CE QU'IL RESTE DE NOUS (2004)
François Prévost
Hugo Latulippe
Par Jean-François Vandeuren
Toute la polémique entourant les quelques cinquante dernières
années du territoire tibétain sous le signe de l’occupation
du gouvernement de Pékin aura dévoilé l’être
humain sous son jour le moins clément. Un des peuples les plus
pacifiques habitant la surface de cette planète perdit son héritage
et sa liberté sous la menace des armes pour son territoire riche
en ressources naturelles qui demeurait jusqu’alors pratiquement
inexploités des mains avares de l’homme. Bref, toujours
à la recherche de la bonne affaire, nous nous serons auto-écartés
du sommet de la chaine alimentaire pour y élever un système
économique sans merci. À l’opposée, l’histoire
que l’on tait religieusement relate la ténacité
d’une population envahie et contrainte au silence qui espère
patiemment que ceux, c’est-à-dire nous, qui tournent le
dos à une vérité pourtant bien connue se soulèveront
pour faire cesser cette emprise dictatoriale et aliénatrice mise
sur pied au nom du profit.
Malgré des conditions de vie peu enviables, c’est dans
la spiritualité et la non-violence que le peuple tibétain
proteste contre ces injustices.
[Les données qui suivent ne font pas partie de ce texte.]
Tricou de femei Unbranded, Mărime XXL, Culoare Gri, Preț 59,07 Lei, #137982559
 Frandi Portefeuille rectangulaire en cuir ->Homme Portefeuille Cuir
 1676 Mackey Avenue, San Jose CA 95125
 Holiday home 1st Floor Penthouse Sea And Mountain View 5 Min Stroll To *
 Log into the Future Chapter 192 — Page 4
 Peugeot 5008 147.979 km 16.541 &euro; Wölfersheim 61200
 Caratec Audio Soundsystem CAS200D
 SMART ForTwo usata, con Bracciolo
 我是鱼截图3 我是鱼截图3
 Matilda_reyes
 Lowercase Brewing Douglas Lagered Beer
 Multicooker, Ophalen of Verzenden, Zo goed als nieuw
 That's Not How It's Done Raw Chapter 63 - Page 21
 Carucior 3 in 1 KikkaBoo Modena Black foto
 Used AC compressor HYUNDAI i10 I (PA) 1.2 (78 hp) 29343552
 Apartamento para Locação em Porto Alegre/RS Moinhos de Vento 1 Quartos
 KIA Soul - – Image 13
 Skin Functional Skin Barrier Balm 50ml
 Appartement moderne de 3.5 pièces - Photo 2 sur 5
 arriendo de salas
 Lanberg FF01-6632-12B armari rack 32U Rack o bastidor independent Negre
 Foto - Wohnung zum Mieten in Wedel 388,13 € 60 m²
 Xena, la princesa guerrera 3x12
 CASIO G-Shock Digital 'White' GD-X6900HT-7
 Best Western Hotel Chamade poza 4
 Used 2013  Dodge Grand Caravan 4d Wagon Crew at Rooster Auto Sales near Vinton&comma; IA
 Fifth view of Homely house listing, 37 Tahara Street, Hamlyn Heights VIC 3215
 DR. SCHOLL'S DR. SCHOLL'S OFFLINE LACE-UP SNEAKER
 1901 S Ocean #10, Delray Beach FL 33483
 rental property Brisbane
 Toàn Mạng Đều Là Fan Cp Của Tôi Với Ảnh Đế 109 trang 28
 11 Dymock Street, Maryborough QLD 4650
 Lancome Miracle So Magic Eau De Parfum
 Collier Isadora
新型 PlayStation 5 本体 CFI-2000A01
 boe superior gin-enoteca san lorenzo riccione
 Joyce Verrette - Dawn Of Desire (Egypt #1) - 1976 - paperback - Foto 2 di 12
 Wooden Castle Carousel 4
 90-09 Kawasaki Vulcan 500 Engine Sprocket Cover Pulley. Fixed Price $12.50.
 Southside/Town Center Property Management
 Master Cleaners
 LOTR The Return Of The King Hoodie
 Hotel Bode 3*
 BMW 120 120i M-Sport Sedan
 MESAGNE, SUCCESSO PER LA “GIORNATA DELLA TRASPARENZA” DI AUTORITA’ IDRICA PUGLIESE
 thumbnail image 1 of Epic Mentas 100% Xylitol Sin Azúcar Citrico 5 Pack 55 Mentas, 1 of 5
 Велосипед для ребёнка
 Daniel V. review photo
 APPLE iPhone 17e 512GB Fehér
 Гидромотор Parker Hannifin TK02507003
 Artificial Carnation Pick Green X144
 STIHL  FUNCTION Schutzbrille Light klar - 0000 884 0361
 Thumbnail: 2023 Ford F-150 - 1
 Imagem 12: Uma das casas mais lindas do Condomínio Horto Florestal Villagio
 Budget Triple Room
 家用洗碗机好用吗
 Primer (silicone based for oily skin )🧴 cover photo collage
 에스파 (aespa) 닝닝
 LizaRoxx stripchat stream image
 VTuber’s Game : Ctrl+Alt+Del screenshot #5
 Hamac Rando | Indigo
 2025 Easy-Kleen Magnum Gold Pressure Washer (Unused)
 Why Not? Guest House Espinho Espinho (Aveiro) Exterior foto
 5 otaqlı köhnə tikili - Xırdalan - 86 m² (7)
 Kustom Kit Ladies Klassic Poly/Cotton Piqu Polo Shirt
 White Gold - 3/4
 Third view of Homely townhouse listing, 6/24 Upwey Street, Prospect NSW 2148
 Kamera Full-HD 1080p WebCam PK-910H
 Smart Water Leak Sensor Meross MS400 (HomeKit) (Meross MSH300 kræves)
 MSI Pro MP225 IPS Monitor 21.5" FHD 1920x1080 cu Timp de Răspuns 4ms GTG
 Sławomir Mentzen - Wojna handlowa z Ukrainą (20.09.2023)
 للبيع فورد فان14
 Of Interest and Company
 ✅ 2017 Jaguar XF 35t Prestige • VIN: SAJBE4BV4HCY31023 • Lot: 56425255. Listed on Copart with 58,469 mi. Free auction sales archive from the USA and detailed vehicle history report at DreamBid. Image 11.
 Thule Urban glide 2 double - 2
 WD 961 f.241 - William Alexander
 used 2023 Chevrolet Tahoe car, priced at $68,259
Ce film est le fruit de huit longues
années de travail leur conférant la majeure partie de
la place à l’écran pour qu’ils puissent enfin
dire quelques mots à un monde endormi. La prémisse du
film des cinéastes québécois François Prévost
et Hugo Latulippe nous convit à suivre la Montréalaise
d’origine tibétaine Kalsang Dolma alors qu’elle se
rend dans le pays de ses ancêtres munie d’un écran
miniature porteur d’un discours de leur chef spirituel et politique
en exil, le dalaï-lama. Elle transporte donc ce message d’espoir
d’un bout à l’autre de cette région n’apparaissant
désormais plus sous le nom de «Tibet» sur les cartes
géographiques en recueillant dans le plus grand des secrets les
réactions des principaux concernés.
D’entrée de jeu, il faut absolument souligner le courage
des Tibétains qui ont bien voulu participer à ce film
en étant tout à fait conscients des risques de répression
politique importants auxquels ils s’exposaient. C’est d’ailleurs
la raison pour laquelle ce documentaire ne sera jamais présenté
ailleurs qu’en salles sous une surveillance accrue. D’un
autre côté, il est primordial de louanger l’initiative
des cinéastes et collaborateurs de ce projet qui ont traversé
les frontières pour nous offrir une réflexion qui s’avère
être du même coup plus ambitieuse et également plus
percutante que la plupart des autres documents surtout historiques d’ordinaire
portant sur cette problématique. Le but visé ici est évidemment
de susciter une vive réaction chez les spectateurs, de les confronter
à une inaction dont nous sommes tous passablement responsables
et de nous exposer aux conséquences qu’elle implique d’un
point de vue humanitaire. Si le film force la note en la faveur de la
cause tibétaine, et c’est tout à son honneur, Ce
qu’il reste de nous ne se transforme pas pour autant en un
vulgaire pamphlet, bien au contraire. Ce documentaire sait comment utiliser
l'héritage de cette culture dotée d'une sagesse des plus
extraordinaires afin de livrer son message, mais porte également
un regard assez critique par rapport à cette forme de protestation
qu'est la non-violence.
Entrecoupant les vives réactions d’un peuple valsant continuellement
dans l’incertitude face à son avenir qui est tout de même
devenu déjà un peu plus confiant grâce à
un message d’une brève durée de cinq minutes, on
retrouve l’extérieur des frontières. On nous fait
savoir sans grandes surprises que l’ONU fut informé dès
les premiers instants par le dalaï-lama de l’invasion non
justifié du Tibet par les forces chinoises. Depuis, le reste
du monde sait et pourtant, comme il y a environ cinquante ans, à
l’image de l’ONU, rare sont ceux qui agissent. Et non, il
ne s’agit pas d’une manifestation non-violente parallèlement
à celle d’un peuple vivant d’espoir. C’est
une situation qui témoigne comme à bien des égards
l’indifférence occidentale face au sort d’autrui.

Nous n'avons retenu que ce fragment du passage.